Task directions:
All entries should be printed precisely as written.

★ ★ ★ ★ ★ ★ ★

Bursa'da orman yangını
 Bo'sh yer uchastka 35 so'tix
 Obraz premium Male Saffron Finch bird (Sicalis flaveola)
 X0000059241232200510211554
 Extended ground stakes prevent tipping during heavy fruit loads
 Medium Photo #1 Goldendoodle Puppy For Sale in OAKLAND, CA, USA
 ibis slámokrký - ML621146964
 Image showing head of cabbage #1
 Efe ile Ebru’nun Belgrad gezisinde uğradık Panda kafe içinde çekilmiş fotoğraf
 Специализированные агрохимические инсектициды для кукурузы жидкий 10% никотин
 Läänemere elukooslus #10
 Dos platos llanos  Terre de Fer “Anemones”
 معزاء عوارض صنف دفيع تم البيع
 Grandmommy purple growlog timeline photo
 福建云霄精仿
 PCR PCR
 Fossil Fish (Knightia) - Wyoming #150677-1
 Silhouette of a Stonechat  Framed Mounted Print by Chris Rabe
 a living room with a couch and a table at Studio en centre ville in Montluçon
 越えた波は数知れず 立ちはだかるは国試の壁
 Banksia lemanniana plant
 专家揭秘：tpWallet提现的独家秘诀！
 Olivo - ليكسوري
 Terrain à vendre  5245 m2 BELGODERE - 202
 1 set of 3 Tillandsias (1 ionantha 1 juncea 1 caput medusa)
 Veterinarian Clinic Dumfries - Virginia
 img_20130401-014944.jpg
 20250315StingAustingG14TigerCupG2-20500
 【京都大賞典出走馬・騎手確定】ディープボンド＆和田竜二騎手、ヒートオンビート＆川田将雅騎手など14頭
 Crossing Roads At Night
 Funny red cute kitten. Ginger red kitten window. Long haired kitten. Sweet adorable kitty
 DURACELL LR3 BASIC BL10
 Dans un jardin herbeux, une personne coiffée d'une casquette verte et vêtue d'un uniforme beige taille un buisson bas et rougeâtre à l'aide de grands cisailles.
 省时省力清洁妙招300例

★ ★ ★ ★ ★ ★ ★

Answer to this task:
Bursa'da orman yangını
 Bo'sh yer uchastka 35 so'tix
 Obraz premium Male Saffron Finch bird (Sicalis flaveola)
 X0000059241232200510211554
 Extended ground stakes prevent tipping during heavy fruit loads
 Medium Photo #1 Goldendoodle Puppy For Sale in OAKLAND, CA, USA
 ibis slámokrký - ML621146964
 Image showing head of cabbage #1
 Efe ile Ebru’nun Belgrad gezisinde uğradık Panda kafe içinde çekilmiş fotoğraf
 Специализированные агрохимические инсектициды для кукурузы жидкий 10% никотин
 Läänemere elukooslus #10
 Dos platos llanos  Terre de Fer “Anemones”
 معزاء عوارض صنف دفيع تم البيع
 Grandmommy purple growlog timeline photo
 福建云霄精仿
 PCR PCR
 Fossil Fish (Knightia) - Wyoming #150677-1
 Silhouette of a Stonechat  Framed Mounted Print by Chris Rabe
 a living room with a couch and a table at Studio en centre ville in Montluçon
 越えた波は数知れず 立ちはだかるは国試の壁
 Banksia lemanniana plant
 专家揭秘：tpWallet提现的独家秘诀！
 Olivo - ليكسوري
 Terrain à vendre  5245 m2 BELGODERE - 202
 1 set of 3 Tillandsias (1 ionantha 1 juncea 1 caput medusa)
 Veterinarian Clinic Dumfries - Virginia
 img_20130401-014944.jpg
 20250315StingAustingG14TigerCupG2-20500
 【京都大賞典出走馬・騎手確定】ディープボンド＆和田竜二騎手、ヒートオンビート＆川田将雅騎手など14頭
 Crossing Roads At Night
 Funny red cute kitten. Ginger red kitten window. Long haired kitten. Sweet adorable kitty
 DURACELL LR3 BASIC BL10
 Dans un jardin herbeux, une personne coiffée d'une casquette verte et vêtue d'un uniforme beige taille un buisson bas et rougeâtre à l'aide de grands cisailles.
 省时省力清洁妙招300例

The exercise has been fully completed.